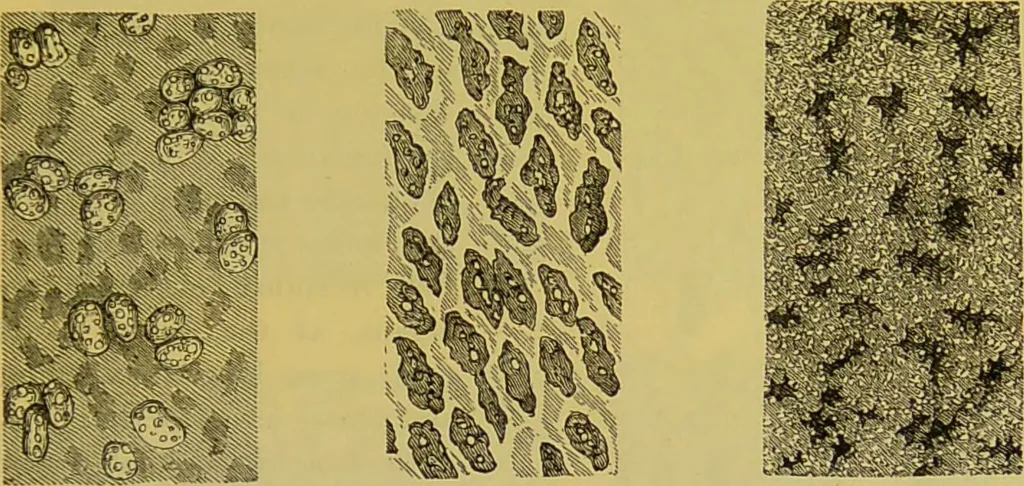 An illustration from The microscope : its history, construction, and application, being a familiar introduction to the use of the instrument, and the study of microscopical science / by Jabez Hogg., 1898, leaf 727
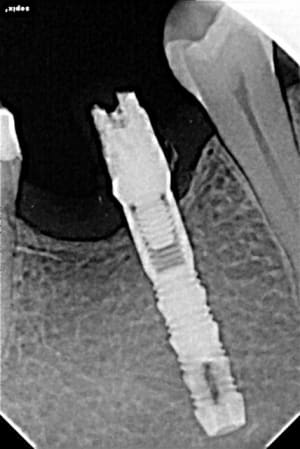 Implant aucpum - Eugenol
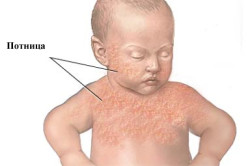 Потница у ребенка как причина сыпи в области паха
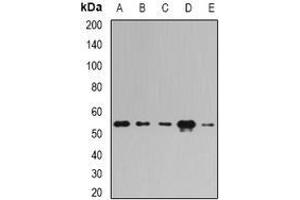 Image no. 2 for anti-Pyruvate Dehydrogenase Complex, Component X (PDHX) (full length) antibody (ABIN6004320)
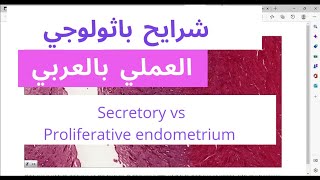 Secretory phase vs Proliferative phase endometrium  histology slide review [upl. by Marie411]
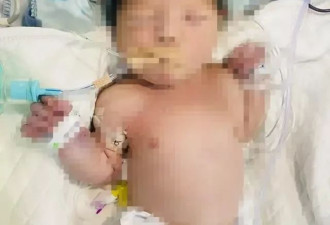 羊水粪染致男婴出生即脑死亡 家属认为医院处置不当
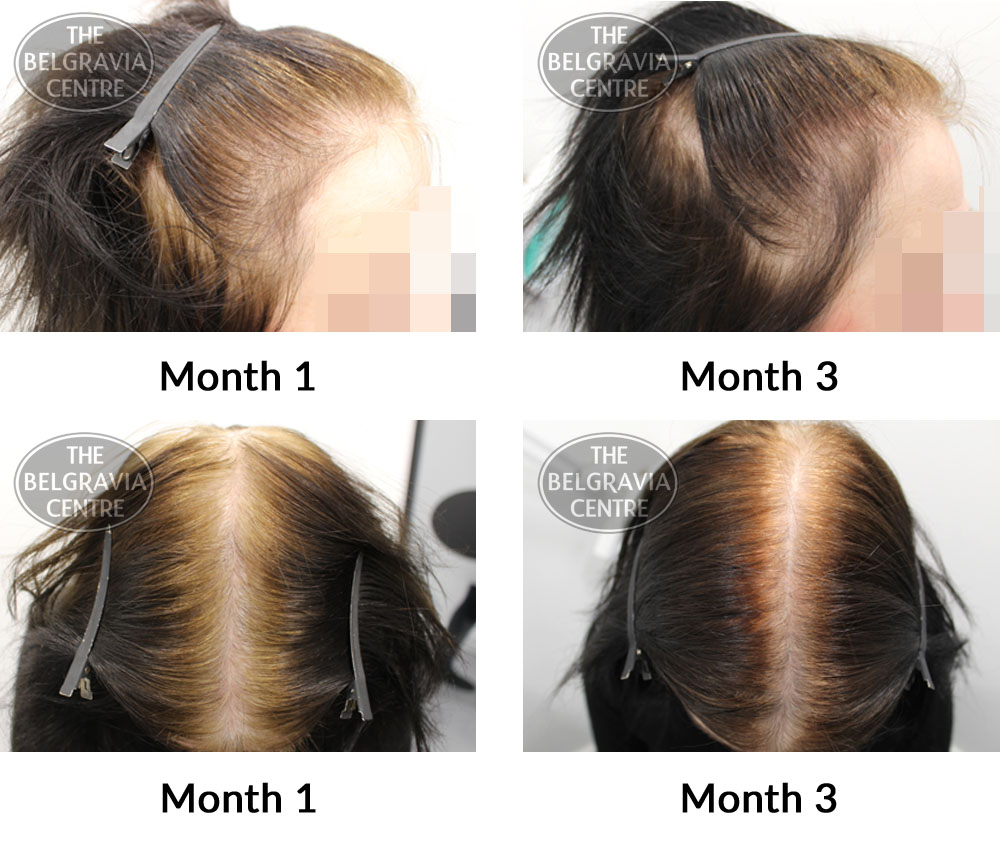female pattern hair loss the belgravia centre 375672 08 04 2019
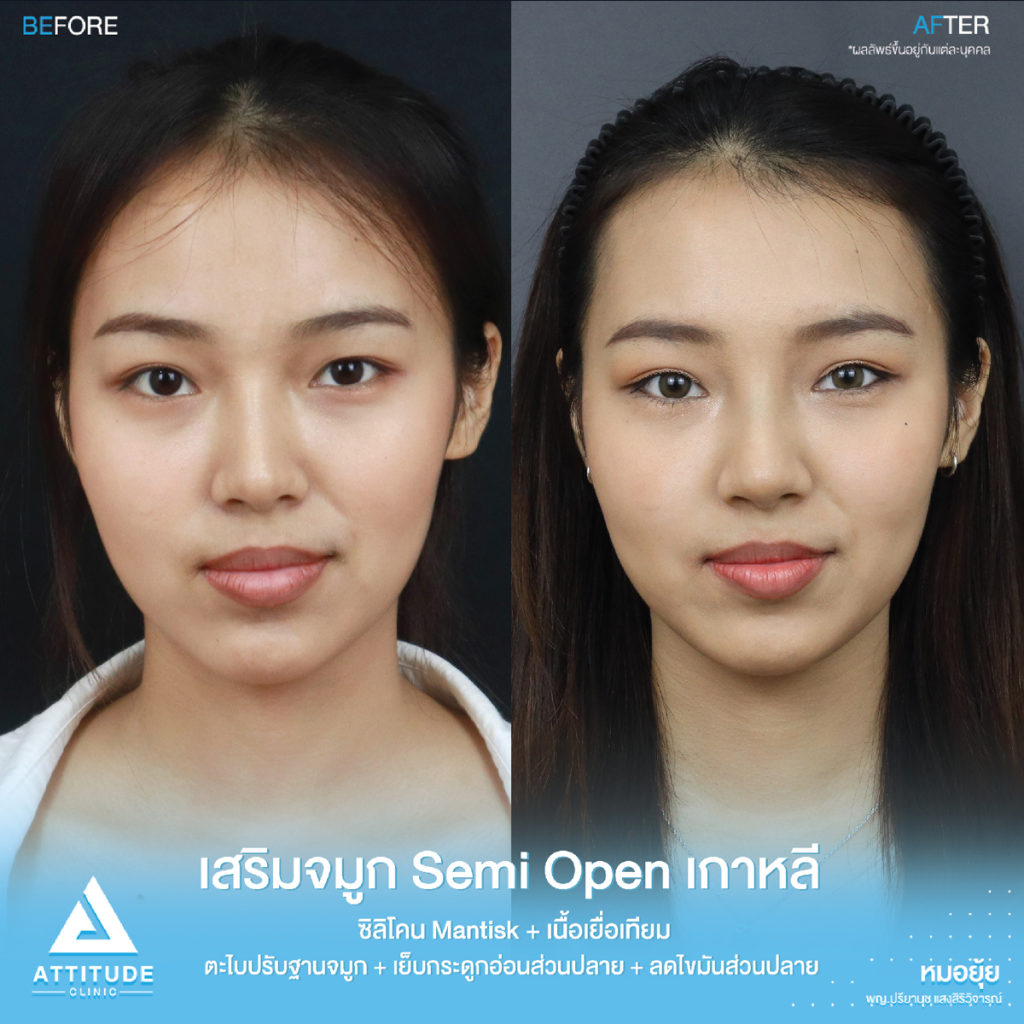 รีวิวแก้จมูกคุณแอน รีวิวแก้จมูกคุณแอน ปลายตึง แกนเอียงใกล้ทะลุ ด้วยซิลิโคน Mantisk ปรับครงสร้างก่อนวางซิลิโคน เทคนิค Semi Open เกาหลี เป็นธรรมชาติ สวยหวานละมุน โดยคุณหมอยุ้ย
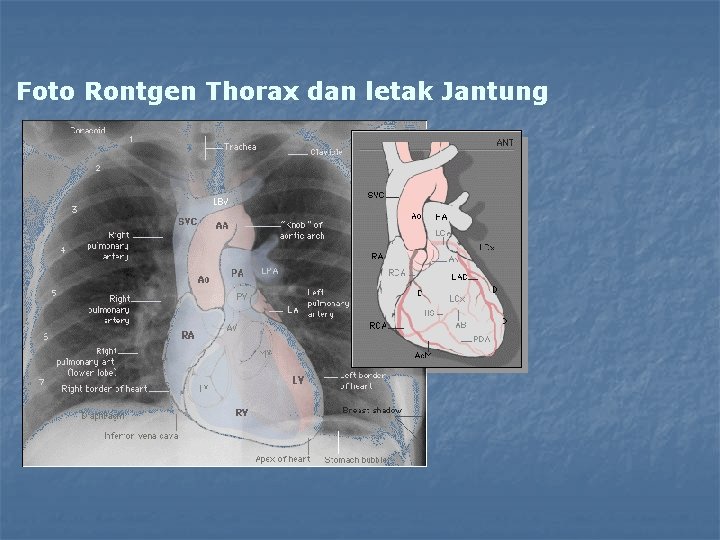 Foto Rontgen Thorax dan letak Jantung 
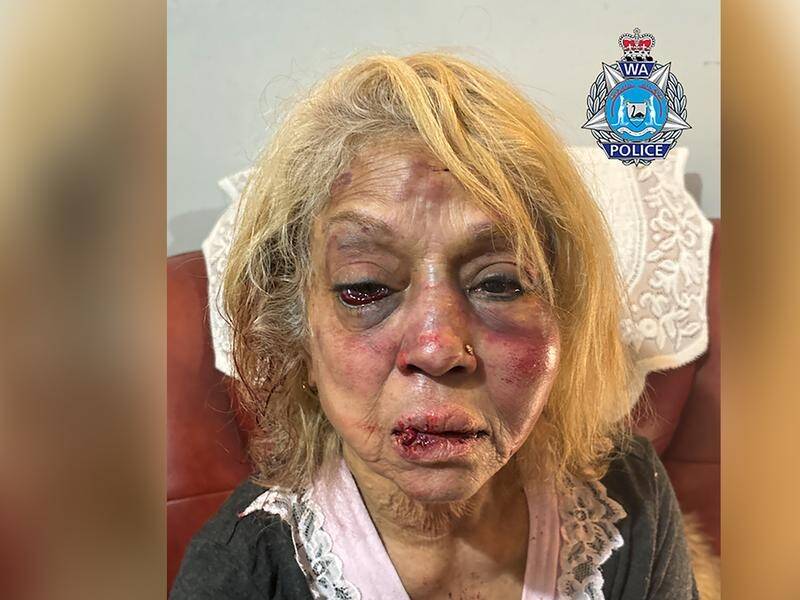 Ninette Simons was left with severe facial injuries following an alleged home invasion. (HANDOUT/WESTERN AUSTRALIA POLICE)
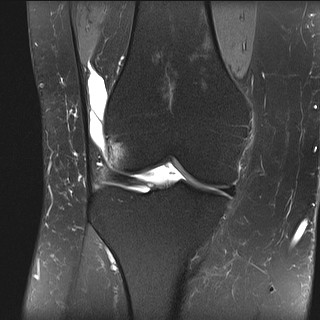File:Acute-on-chronic transient lateral patellar dislocation with trochlear dysplasia (Radiopaedia 84099-99349 Coronal PD fat sat 23).jpg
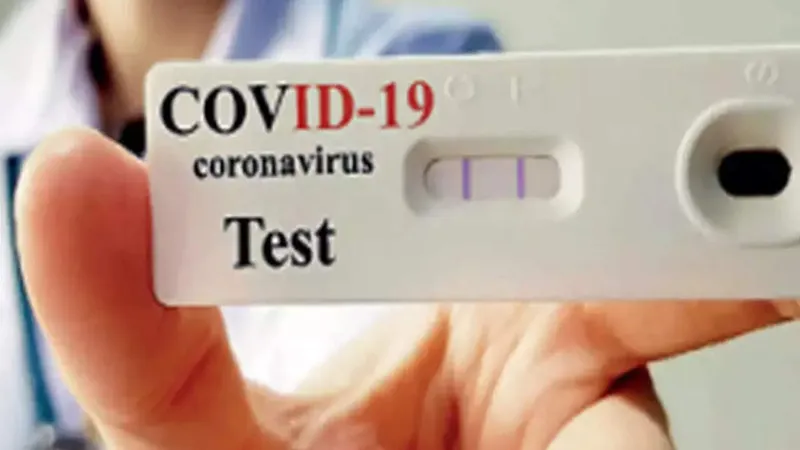 OMS: Testele PCR detectează noua variantă SARS-CoV-2 „Omicron”/foto: times of africa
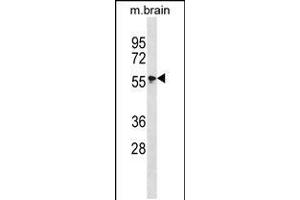 Image no. 2 for anti-Mitogen-Activated Protein Kinase 4 (MAPK4) (AA 67-94), (N-Term) antibody (ABIN5534252)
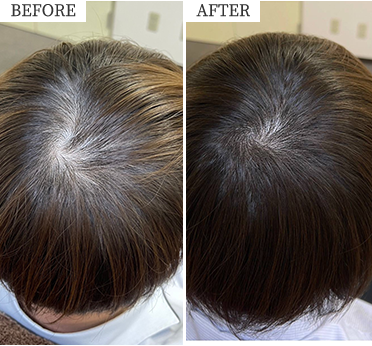 ビフォーアフターイメージ写真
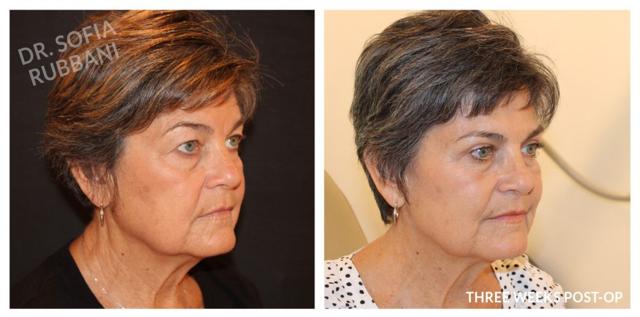 Deep Plane Facelift result at Tucson Cosmetics in Tucson, AZ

## WHAT THIS TASK INVOLVES
Do not include the images; transcribe the rest of the listing exactly.

## TASK RESULT
 An illustration from The microscope : its history, construction, and application, being a familiar introduction to the use of the instrument, and the study of microscopical science / by Jabez Hogg., 1898, leaf 727
 Implant aucpum - Eugenol
 Потница у ребенка как причина сыпи в области паха
 Image no. 2 for anti-Pyruvate Dehydrogenase Complex, Component X (PDHX) (full length) antibody (ABIN6004320)
 Secretory phase vs Proliferative phase endometrium  histology slide review [upl. by Marie411]
 羊水粪染致男婴出生即脑死亡 家属认为医院处置不当
female pattern hair loss the belgravia centre 375672 08 04 2019
 รีวิวแก้จมูกคุณแอน รีวิวแก้จมูกคุณแอน ปลายตึง แกนเอียงใกล้ทะลุ ด้วยซิลิโคน Mantisk ปรับครงสร้างก่อนวางซิลิโคน เทคนิค Semi Open เกาหลี เป็นธรรมชาติ สวยหวานละมุน โดยคุณหมอยุ้ย
 Foto Rontgen Thorax dan letak Jantung 
 Ninette Simons was left with severe facial injuries following an alleged home invasion. (HANDOUT/WESTERN AUSTRALIA POLICE)
File:Acute-on-chronic transient lateral patellar dislocation with trochlear dysplasia (Radiopaedia 84099-99349 Coronal PD fat sat 23).jpg
 OMS: Testele PCR detectează noua variantă SARS-CoV-2 „Omicron”/foto: times of africa
 Image no. 2 for anti-Mitogen-Activated Protein Kinase 4 (MAPK4) (AA 67-94), (N-Term) antibody (ABIN5534252)
 ビフォーアフターイメージ写真
 Deep Plane Facelift result at Tucson Cosmetics in Tucson, AZ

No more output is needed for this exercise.